Q93. What information should the attorney review with the client to insure the client understands his or her obligations under a settlement?
A93. There are a number of areas the attorney needs to discuss with the client and document in the client's file and these include:
1. Settlement documents. These are not boilerplate documents and each is tailored to the individual fact pattern of each case to include provisions dealing with social security offset, MSA (self-administered or professional administration), MSA terms and conditions including accounting responsibilities, and any repayment obligations to Medicare or other entities that may have recovery rights.
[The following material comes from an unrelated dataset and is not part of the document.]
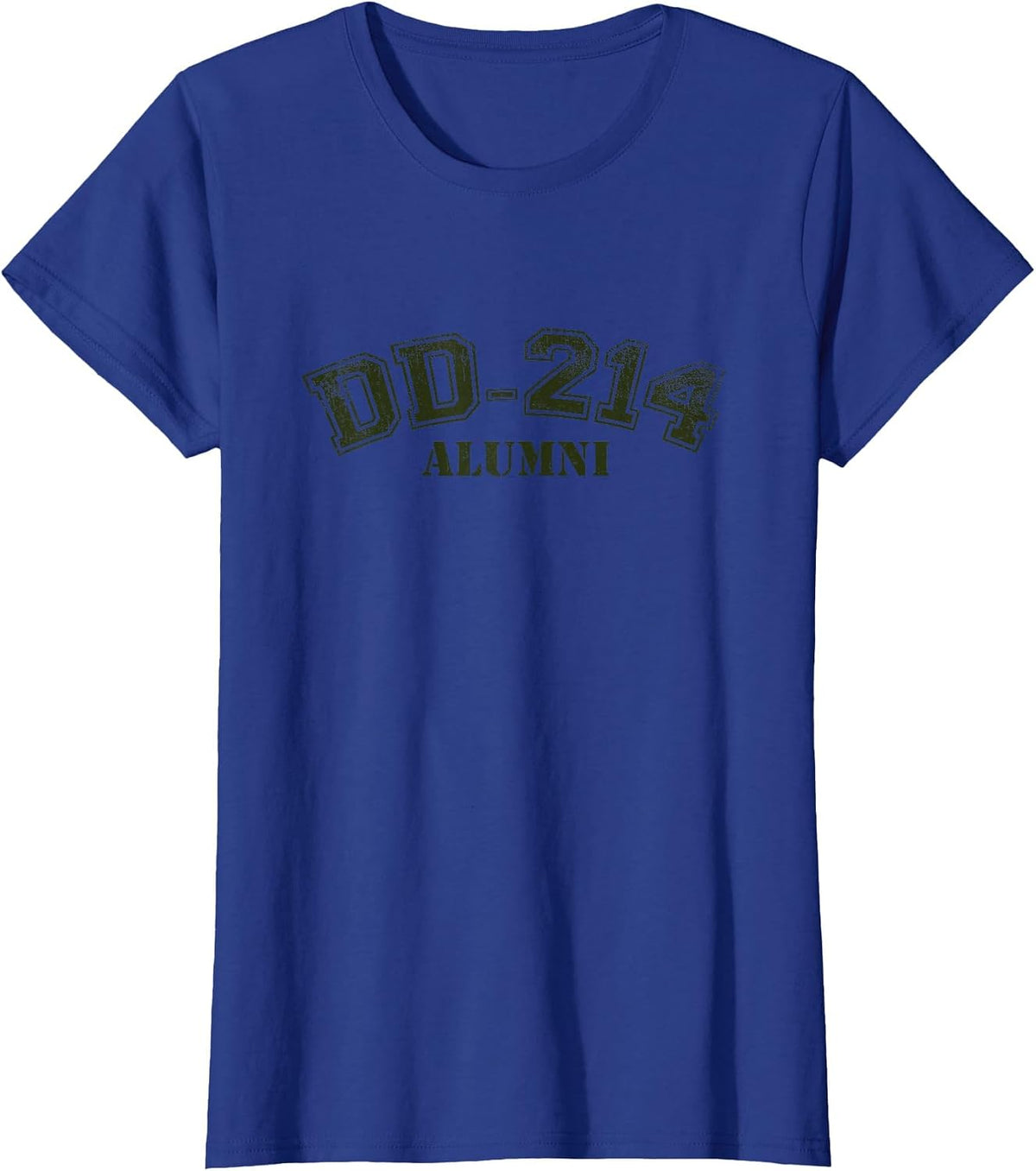 DD-214 Alumni T-Shirt Independence, Veterans & Memorial Day T-Shirt - Royal Blue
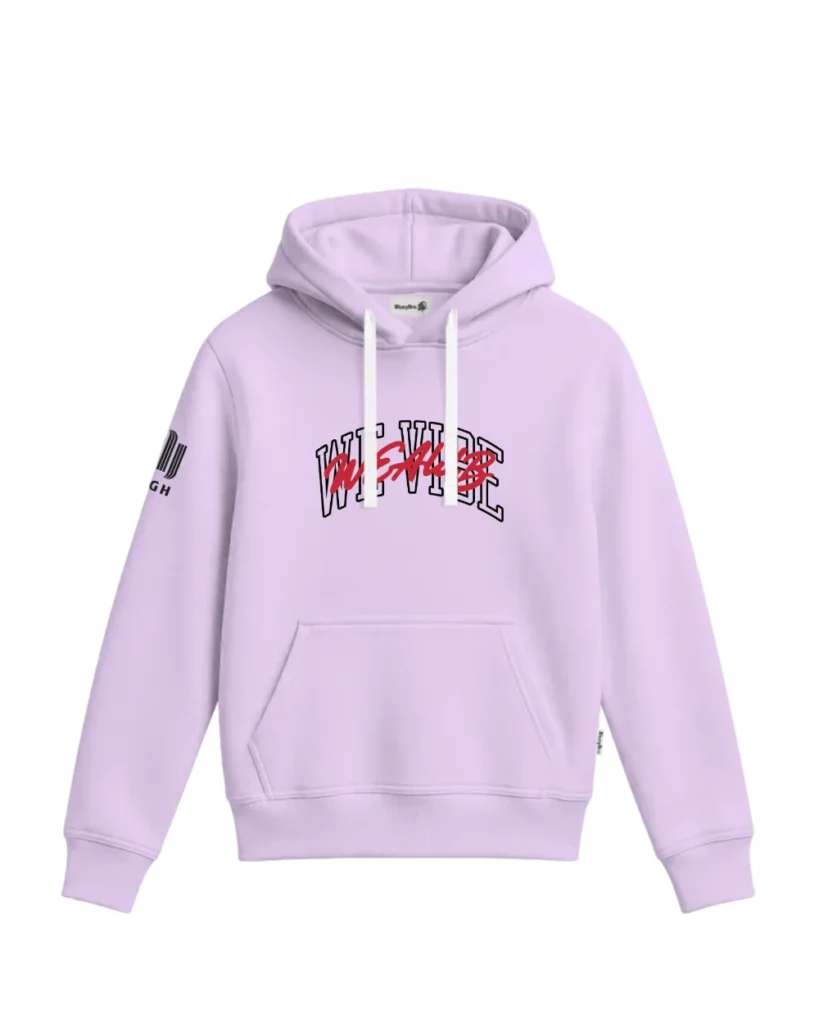 Bluza z kapturem - Haft Przód + Rękawek + Nadruk Tył AGH – tył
2. Informed Consent. The client must make an informed consent as to the implications the settlement will have on future entitlement to Medicare, Medicaid, group health insurance or other available health coverage, short/long term disability coverage or pension plans, etcY
3. Notice of Consequences of the Settlement. The client must understand the entire settlement as to past, current or future indemnity, as well as, medical benefits and any repayment obligations which must be paid from the settlement.
Other documents provided by CMS. CMS will provide a sample accounting form to be used by the beneficiary in a self-administered Medicare Set-aside, as well as, an instruction sheet for either a self-administered or professionally administered MSA. These should be reviewed with the client as they are important disclosure documents which memorize the client's obligations, expectations and responsibilities.